“[Change] requires real organizing and investment in the community. You have to be committed long-term to Texas.”
On a sunny April afternoon, Maggie Juarez, 17, took the stage in an East Austin park in front of a large mural depicting historical figures of Mexican resistance, including Emiliano Zapata and César Chávez. She told a crowd of around 50 about the day she walked out of class to protest Trump’s immigration raids in Austin.
“I walked out because my community was being attacked,” said Juarez, who took part in an immigrant strike and march in February — her first protest. “We marched; now it’s time to organize and register our community to vote.”
As she spoke, vendors sold paletas and cups of fruta con chamoy while volunteers ran a voter registration table as part of what organizers billed as a “resistencia fest.”
Organizing the event was a new group called Jolt Texas. The fledgling nonprofit is chasing a familiar progressive dream: turning Texas’ rapidly growing Latino population into a force capable of painting the Lone Star State blue.

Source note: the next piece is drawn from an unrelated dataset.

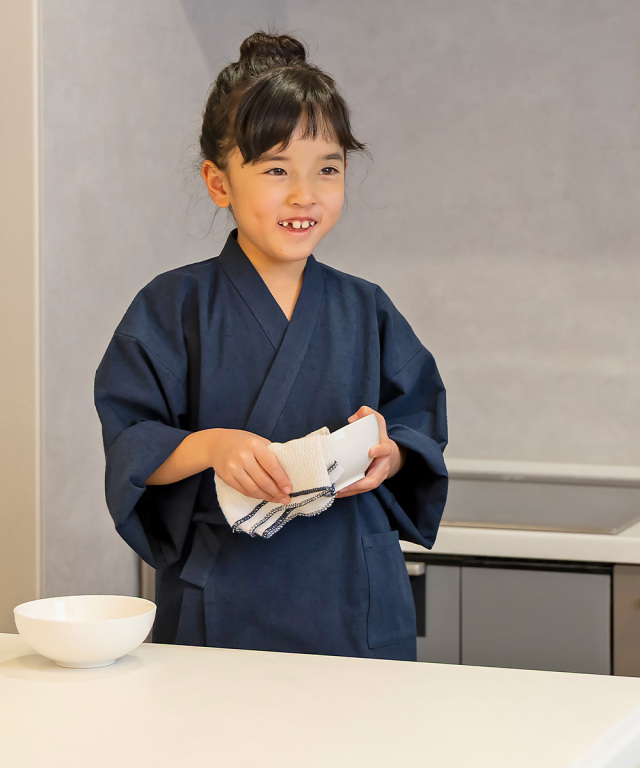 たてスラブ子供作務衣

Jolt is the brainchild of Cristina Tzintzun, a longtime organizer and founder of the Workers Defense Project, a nonprofit that energized the moribund labor movement in Texas by finding creative ways to organize immigrants. Tzintzun left Workers Defense Project in 2015 and worked briefly in Washington, D.C., before moving back to Texas in November.
“Jolt is the organization that’s building the movement of Latinos that will change Texas politics forever,” Tzintzun told me in the group’s tiny office in East Austin. Eventually, she said she hopes to see the nonprofit “in all five metro areas, registering tens of thousands of voters and mobilizing hundreds of thousands during the election cycle.”

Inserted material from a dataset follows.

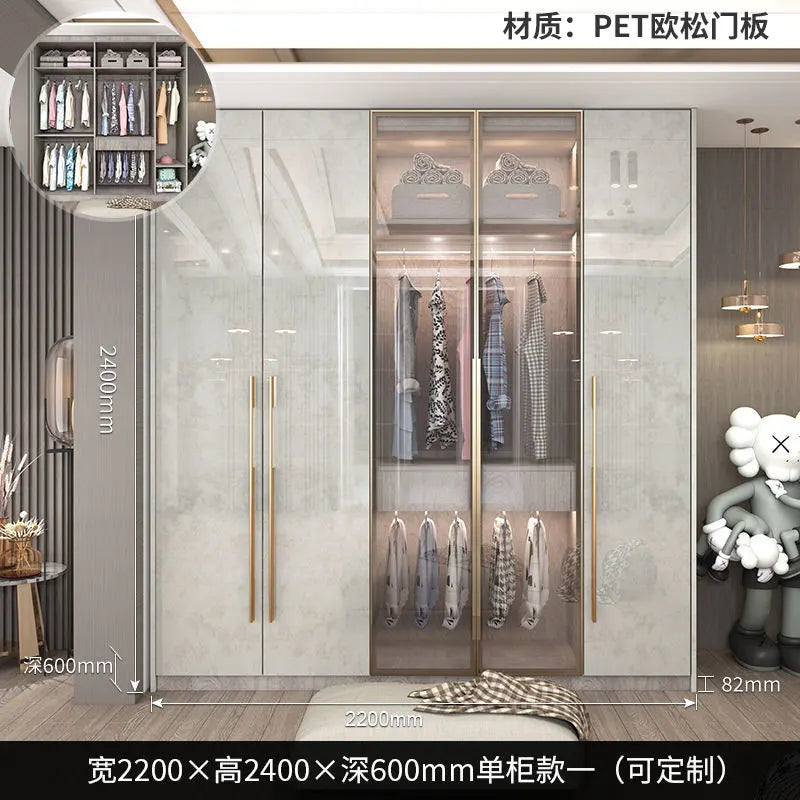 Glass Door Modern Wardrobe With Ample Storage And Brass Hardware — Pale Gray | KIMLUD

Since Tzintzun launched the group just after Trump’s election, it’s trained 200 volunteers, founded a University of Texas at Austin student chapter, built a contact list of 15,000 people and is planning an organizing institute for “the next generation of community leaders.” The group’s first-year budget is $430,000.
The idea, Tzintzun said, is to build a long-term strategy centered on empowering Latino youth like Juarez. More than a third of the state’s nearly 11 million Latinos are under the age of 18.
“Some people look at Texas’ Latino population and say Texas will quickly turn blue, but I don’t believe demographics are destiny,” she said. “It requires real organizing and investment in the community. You have to be committed long-term to Texas.”
Such talk might sound familiar to close observers of Texas politics. In 2013, Battleground Texas blew into the state promising to use grassroots organizing and voter turnout methods to make Texas competitive for Democrats again. The group, headed by Obama campaign veteran Jeremy Bird, said it would capitalize on demographic change in Texas and help mobilize an Obama-style electorate of young people, African Americans, Latinos, women and other groups who often have low turnout in Texas.
But Battleground Texas disappointed many when it became the de facto campaign vehicle for Wendy Davis, who lost the governor’s race to Greg Abbott in 2014 by a stunning 20 percentage points. Many criticized Battleground for relying on out-of-state organizers, poorly trained volunteers and ham-handed attempts at outreach to Latinos.
Tzintzun didn’t mention Battleground Texas by name, but she draws a contrast between Jolt and other groups.
“There’s been different attempts from folks that had the best intentions but weren’t committed long-term to Texas,” she said. “And [they] also didn’t come from the Latino community and understand its culture, its opportunities and its challenges.”
Tzintzun said she chose to launch in a non-election year for a reason: to build trust and support around issues long before asking Latino voters to turn out for a specific candidate. All three of Jolt’s staff are Latinas.
Tzintzun isn’t pegging her efforts to the 2018 midterms either, but thinking further ahead. “In Texas, we can’t think about just one electoral cycle,” she said.
Over her 12 years, Tzintzun grew the Workers’ Defense Project, a group that organizes undocumented workers, from a small, volunteer affair to a $2 million organization with a national profile.
“I built Workers’ Defense Project when I was 24 years old and didn’t know what I was doing from a paid staff of one to a staff of 25,” said Tzintzun. “So I know we can do this.”
At April’s “resistencia fest,” I sat with Juarez at a picnic table as she told me about her entry into activism.
The day she walked out of school, Juarez said she caught a ride with a friend to the march downtown. When the group reached the Capitol, she felt inspired and asked Tzintzun, whom she’d never met, for her megaphone so she could give a speech. It was time for the march to return downtown, so Tzintzun suggested she lead them back instead. Juarez took the megaphone, and the crowd followed.